Four more die in water as 'poison' asylum debate goes on
ONE of Australia's toughest policy issues - asylum-seekers and people smuggling - has been "poisoned by politics", Home Affairs Minister Jason Clare said on Wednesday.
Mr Clare spoke after revealing four people had died and 144 asylum-seekers were plucked from the high seas after a boat capsized near Christmas Island on Tuesday.
He said the deaths highlighted the "wretchedly difficult" nature of creating policies to deal with asylum-seekers arriving by boat.
Border Protection Commander Rear Admiral David Johnston said officers had worked in difficult conditions, including two metre swells, to pluck 144 survivors from the water, including up to 19 children.
He said Border Protection Command had also experienced a rise in the "operational tempo" in Australian water, alluding to hundreds of new arrivals in recent weeks.
"Dealing with deaths is particularly difficult, difficult in circumstances, physically difficult for those involved and emotionally difficult," he said.

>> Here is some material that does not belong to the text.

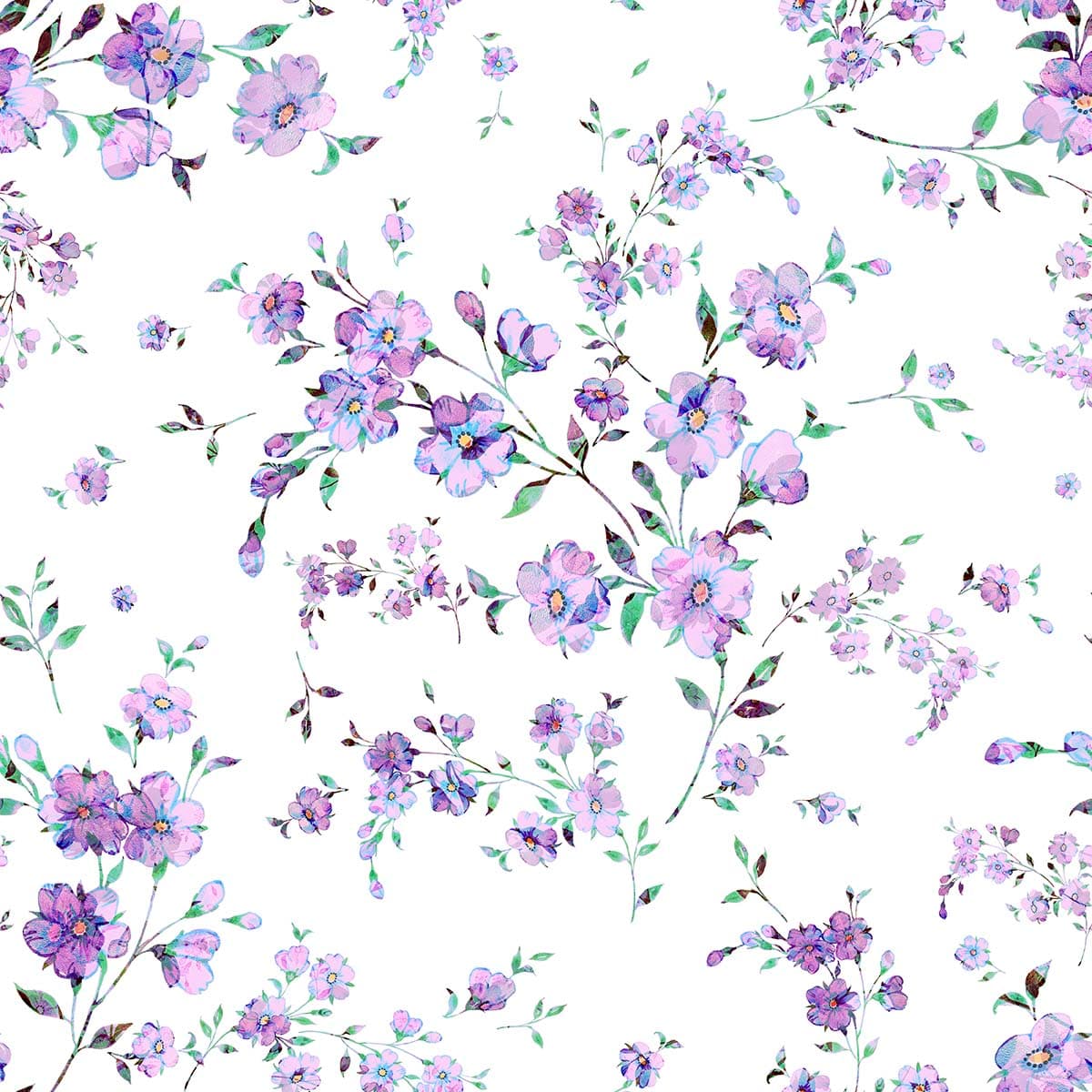 Aesthetic Purple Floral Pattern Wall Decor Wallpaper pattern detail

"It is a dreadful feeling in the stomach when we hear of a vessel that has capsized."
Rear Admiral Johnston said the arrivals had come on a boat which was designed to carry cargo, rather than people, and authorities were still transferring survivors to Christmas Island on Wednesday.
Mr Clare said he wouldn't be surprised if people smugglers tell asylum-seekers anything to get them on a boat.

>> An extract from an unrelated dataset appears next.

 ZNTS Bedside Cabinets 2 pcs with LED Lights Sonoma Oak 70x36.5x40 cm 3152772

"If you can put 100 people on a bat, you can make a million dollars. If you can put 200 people on a boat, you can make $2 million," he said.

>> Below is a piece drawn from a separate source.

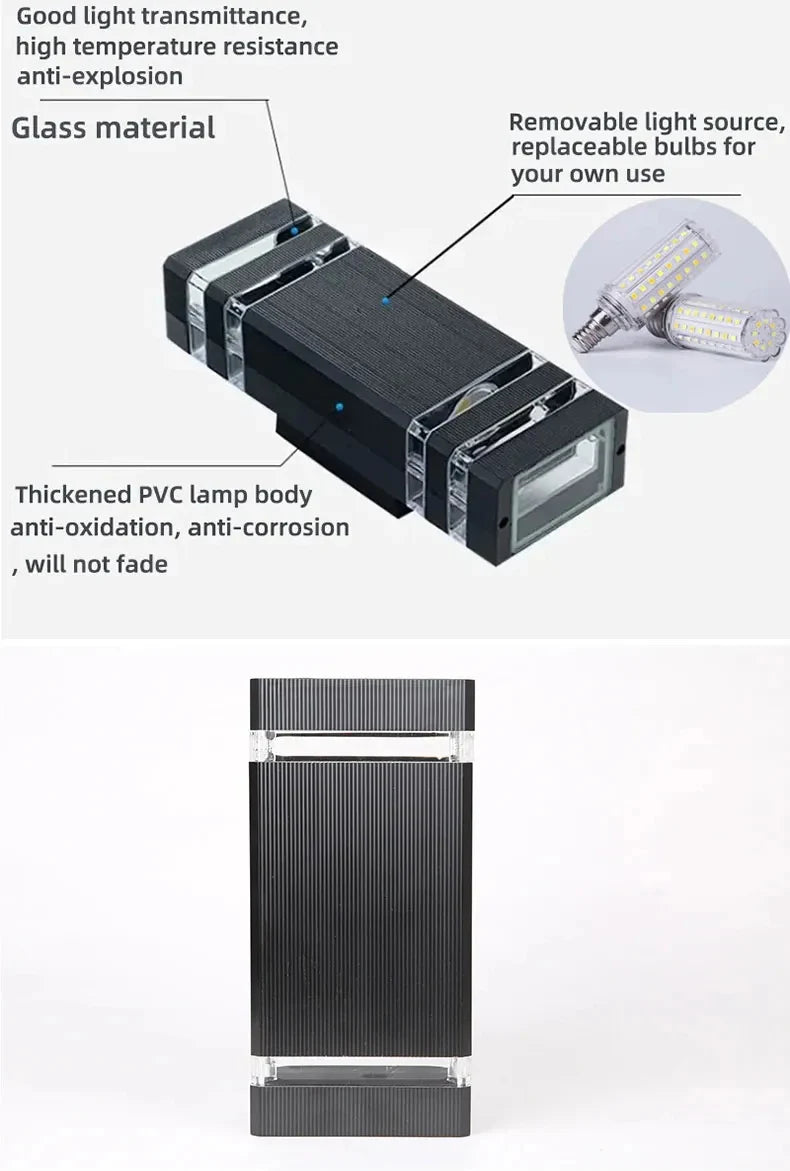Outdoor LED Wall Lights E27 Up Down Exterior Wall Sconce IP65 Waterproof Led Sconce Lamp for Porch Front Door Garden Wall Lamp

"The more money they can make, the more people they can get on a boat, even if that costs lives, is what matters to them."
Mr Clare said Australian politicians had been fighting about the issue for 10 years - "Australians are sick of it, and if we are going to fix this problem, we need to work together".
But, despite his call for a bipartisan approach to asylum-seekers, he said it was not appropriate to talk about politics on a day when four people had died.
It is understood those on board included asylum-seekers from Afghanistan, Pakistan, Iran and Iraq, including three Indonesian crew members.